>>>

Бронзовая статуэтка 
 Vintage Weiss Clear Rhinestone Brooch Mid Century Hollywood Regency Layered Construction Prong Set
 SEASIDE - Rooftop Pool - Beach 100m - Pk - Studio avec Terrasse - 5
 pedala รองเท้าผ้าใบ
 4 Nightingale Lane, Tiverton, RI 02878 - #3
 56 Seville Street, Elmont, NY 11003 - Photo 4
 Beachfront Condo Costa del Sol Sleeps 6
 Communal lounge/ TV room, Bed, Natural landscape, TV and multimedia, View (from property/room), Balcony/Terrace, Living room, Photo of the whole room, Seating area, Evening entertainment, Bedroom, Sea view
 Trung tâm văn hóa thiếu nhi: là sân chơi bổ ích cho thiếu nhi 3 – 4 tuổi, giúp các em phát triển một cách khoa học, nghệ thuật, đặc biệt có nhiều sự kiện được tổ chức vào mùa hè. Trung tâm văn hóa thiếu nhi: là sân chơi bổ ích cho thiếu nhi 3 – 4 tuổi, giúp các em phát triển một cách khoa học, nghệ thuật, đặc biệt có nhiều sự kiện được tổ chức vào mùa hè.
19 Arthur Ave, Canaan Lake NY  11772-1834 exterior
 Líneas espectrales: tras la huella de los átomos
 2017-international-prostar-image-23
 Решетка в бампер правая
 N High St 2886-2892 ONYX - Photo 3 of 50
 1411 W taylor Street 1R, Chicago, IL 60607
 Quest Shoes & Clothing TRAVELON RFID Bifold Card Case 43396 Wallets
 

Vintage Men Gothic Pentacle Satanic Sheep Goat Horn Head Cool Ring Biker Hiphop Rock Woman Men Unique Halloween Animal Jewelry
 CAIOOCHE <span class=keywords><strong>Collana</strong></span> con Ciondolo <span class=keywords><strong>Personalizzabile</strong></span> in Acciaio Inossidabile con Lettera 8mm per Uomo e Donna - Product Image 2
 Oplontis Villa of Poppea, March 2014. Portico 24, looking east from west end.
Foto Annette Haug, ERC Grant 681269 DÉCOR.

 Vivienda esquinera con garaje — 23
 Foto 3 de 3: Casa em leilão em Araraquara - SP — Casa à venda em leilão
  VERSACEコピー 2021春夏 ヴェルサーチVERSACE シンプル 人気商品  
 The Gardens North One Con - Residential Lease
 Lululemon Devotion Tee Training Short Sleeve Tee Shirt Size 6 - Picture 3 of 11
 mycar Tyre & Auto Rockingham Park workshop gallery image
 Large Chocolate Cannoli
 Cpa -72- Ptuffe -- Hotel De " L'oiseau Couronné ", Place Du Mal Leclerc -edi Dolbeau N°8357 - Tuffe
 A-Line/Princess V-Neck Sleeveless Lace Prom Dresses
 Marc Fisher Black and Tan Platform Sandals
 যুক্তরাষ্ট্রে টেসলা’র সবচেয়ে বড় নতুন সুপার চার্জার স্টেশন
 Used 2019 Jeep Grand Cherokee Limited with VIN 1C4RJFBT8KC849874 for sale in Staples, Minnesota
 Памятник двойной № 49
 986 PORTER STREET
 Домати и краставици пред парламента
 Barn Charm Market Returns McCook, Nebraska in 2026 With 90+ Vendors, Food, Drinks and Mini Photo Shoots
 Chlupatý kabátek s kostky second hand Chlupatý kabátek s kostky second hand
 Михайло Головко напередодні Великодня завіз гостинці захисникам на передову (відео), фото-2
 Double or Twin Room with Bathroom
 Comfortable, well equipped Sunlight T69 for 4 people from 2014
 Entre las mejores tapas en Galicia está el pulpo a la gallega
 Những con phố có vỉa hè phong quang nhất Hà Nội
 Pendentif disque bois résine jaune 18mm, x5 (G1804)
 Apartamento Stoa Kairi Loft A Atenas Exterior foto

<<<

All lines from the one containing "Домати и краставици пред парламента" through the end of the material should be restated exactly, with both end lines kept.

 Домати и краставици пред парламента
 Barn Charm Market Returns McCook, Nebraska in 2026 With 90+ Vendors, Food, Drinks and Mini Photo Shoots
 Chlupatý kabátek s kostky second hand Chlupatý kabátek s kostky second hand
 Михайло Головко напередодні Великодня завіз гостинці захисникам на передову (відео), фото-2
 Double or Twin Room with Bathroom
 Comfortable, well equipped Sunlight T69 for 4 people from 2014
 Entre las mejores tapas en Galicia está el pulpo a la gallega
 Những con phố có vỉa hè phong quang nhất Hà Nội
 Pendentif disque bois résine jaune 18mm, x5 (G1804)
 Apartamento Stoa Kairi Loft A Atenas Exterior foto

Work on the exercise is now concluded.